And eventually you will ask yourself, how did this happen? Did Hollywood do this? Was it those "reporters and commentators" with their fancy college degrees who wrecked Main Street, U.S.A.?

No. For decades now we have been electing people like Sarah Palin who claimed to love and respect the folksy conservatism of small towns, and yet who have unfailingly enacted laws to aid the small town's mortal enemies.

Without raising an antitrust finger they have permitted fantastic concentration in the various industries that buy the farmer's crops. They have undone the New Deal system of agricultural price supports in favor of schemes called "Freedom to Farm" and loan deficiency payments -- each reform apparently designed to secure just one thing out of small town America: cheap commodities for the big food processors. Richard Nixon's Agriculture Secretary Earl Butz put the conservative attitude toward small farmers most bluntly back in the 1970s when he warned, "Get big or get out."

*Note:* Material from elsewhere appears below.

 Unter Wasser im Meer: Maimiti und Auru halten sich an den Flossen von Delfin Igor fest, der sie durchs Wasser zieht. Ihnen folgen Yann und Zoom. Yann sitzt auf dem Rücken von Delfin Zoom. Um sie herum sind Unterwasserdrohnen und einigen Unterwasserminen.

A few days ago I talked politics with Donn Teske, the president of the Kansas Farmers Union and a former Republican. Barack Obama may come from a big city, he admits, but the Farmers Union gives him a 100% rating for his votes in Congress. John McCain gets a 0%. "If any farmer in the Plains States looked at McCain's voting record on ag issues," Mr. Teske says, "no one would vote for him."

Now, Mr. McCain is known for his straight talk with industrial workers, telling them their jobs are never coming back, that the almighty market took them away for good, and that retraining is their only hope.

But he seems to think that small-town people can be easily played. Just choose a running mate who knows how to skin a moose and all will be forgiven. Drive them off the land, shutter their towns, toss their life chances into the grinders of big agriculture . . . and praise their values. The TV eminences will coo in appreciation of your in-touch authenticity, and the carnival will move on.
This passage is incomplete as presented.